I haven’t been involved with the Occupy movement although I’ve been an observer since its start in Bristol as I was working in the building in front of which the protest was held. I’m sympathetic as most thinking people are to the aims of the movement but there seemed to be something a bit half-baked about the protest. Ultimately it’s good that there are people prepared to get out there and propagate and defend their beliefs. Earlier this evening (30th December 2011 – in the dark) I managed to do my bit by contributing to a gathering where we got together by the side of the camp and sang a few songs. It was organised by my friend Jo Harris and was aimed principally to promote the ideas of the Positive Money organisation.
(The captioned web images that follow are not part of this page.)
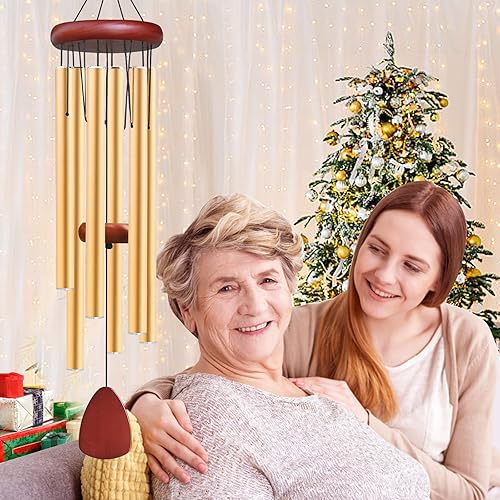 Miniatura 6 de WENANA Campanillas de viento grandes de aluminio en el exterior, campanilla de viento melódica relajante conmemorativa conmemorativa, decoración de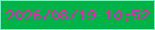文字の大きさ：5、枠の色：73f3b7、背景の色：00b348、文字の色：ee1fb9 無料ブログパーツのブログ時計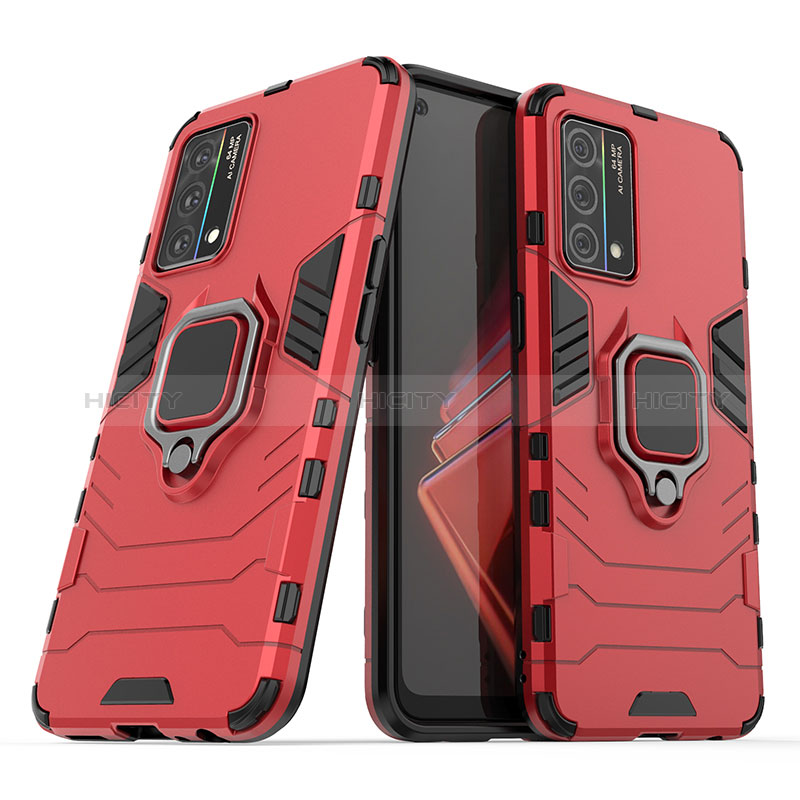 Custodia Silicone e Plastica Opaca Cover con Magnetico Anello Supporto S01 per Oppo K9 5G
Personally I look to Chomsky to give me guidance in the sphere of global development. I believe that he is the godfather of all this Occupy-type stuff. For me he sits astride the 20th-21st century socio-political world as Marx did in the 19th century, but whereas Marx developed a political system which would replace capitalism, Chomsky has just given us a critique of the current global political situation, there is no alternative system presented. Perhaps this is the best way.
My problem is that I look at history to provide antecedents. There’s always been a lot of shit happening and I find it hard to believe that that’s going to stop being the case. The rest is messianism.
Anyway here are a few quotations from Chomsky from an interview by Corporate Watch from May 1998,
Computers were created at public expense and public initiative. In the 1950s when they were being developed, it was about 100% public expense. The same is true of the Internet. The ideas, the initiatives, the software, the hardware — these were created for about 30 years at public initiative and expense, and it’s just now being handed over to guys like Bill Gates.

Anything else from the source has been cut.